Thank you for your help! :smiley:

This is the entry for _classifierInput:

     'classifierOnly': True,
     'clipInput': True,
     'fieldname': topredict,
     'maxval': 1.0, 
     'minval': -1.0, 
     'n': 100,
     'name': '_classifierInput',
     'type': 'ScalarEncoder',
     'w': 21

In this case, ‘topredict’ represents a ratio of some items on a balance sheet, sometimes exceeding 1 or dipping below -1.

Thank you for your suggestion on how to handle missing data Rhyolight, but I think it might not be ideal for my particular situation. My data consists of separate sequences and not one continuous stream of data, so I will try out using noise, as you mentioned.

If the gap is a part of the sequence, you can just encode the gap as a unique input. For example, if you are encoding notes in a song, and the song includes rests, you should probably encode the rests in a similar fashion as the notes. This is easy when you are encoding categories, because there is no overlap between encodings. But if you have numerical encodings, you’ll have to try to decide what the gap in your data means, and how it should be represented in the semantic encoding.


Yes, I understand.

I keep running into the same issue. Is it possible that the classifier uses the original value of the predicted variable instead of the clipped value? If I understand correctly, the classifiers associate each bucket with a moving average of values that fell into that bucket. Is the value used supposed to be the original value?

Have you tried using the SDR Classifier? This is more recent. (@ycui you might have some input on this discussion.)

Thank you for your reply. Yes, actually now, I am working with the SDR classifier. Or at least I think so, in my model params it looks like this:

MODEL_PARAMS['modelParams']['clParams']= { 
                               'alpha': 0.01,
                               'regionName': 'SDRClassifierRegion',
                               'steps': '1',
                               'verbosity': 0

For me, it is not really a problem, I just clip the values beforehand. Nonetheless, I thought it might be a detail that was overlooked and could be fixed, except, evidently, if it is purposefully so.

The SDRClassifier predicts a probability distribution over a set of “buckets” that covers the input space. It also tracks the rolling average of inputs that get assigned to each bucket. The average value of the most likely bucket is returned as the predicted value. I think this issue is due to how we track average.

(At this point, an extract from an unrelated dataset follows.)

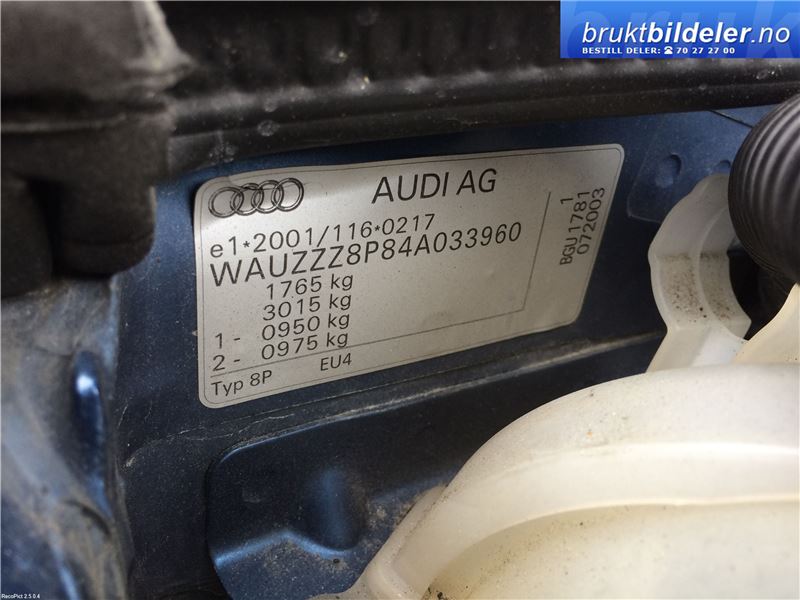 Audi A3 2003-2008 (Type II, Fase 1) , Motorkode: BGU, Girkassekode: FVH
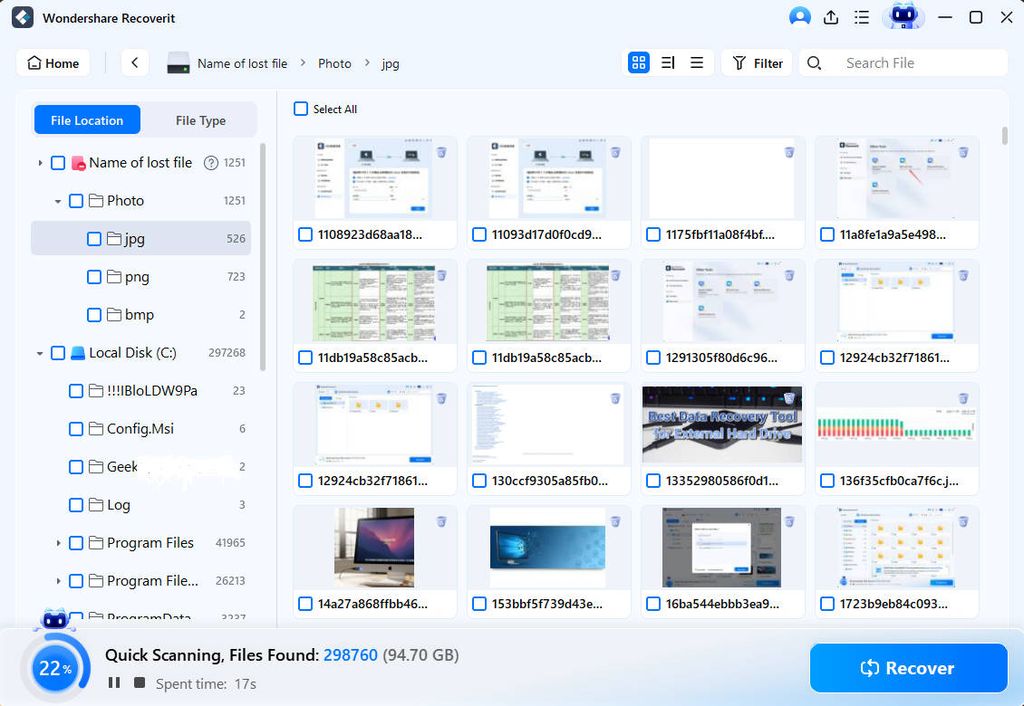 browse and select lost RE9 BIN save files for recovery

Let’s say that the input space goes from 0 to 100, and that the encoder divides that space into 10 buckets. If the classifier input is bucketIdx=10, actValue=200, the average value for inputs that lies in the 10th bucket will be not be larger than 100. The next time the classifier predict the 10th bucket, you will see a predicted value larger than 100.

I agree this is not ideal. For now, I suggest you clip the inputs as you described. In the future, we can add some logic in the Network API to prevent this from happening.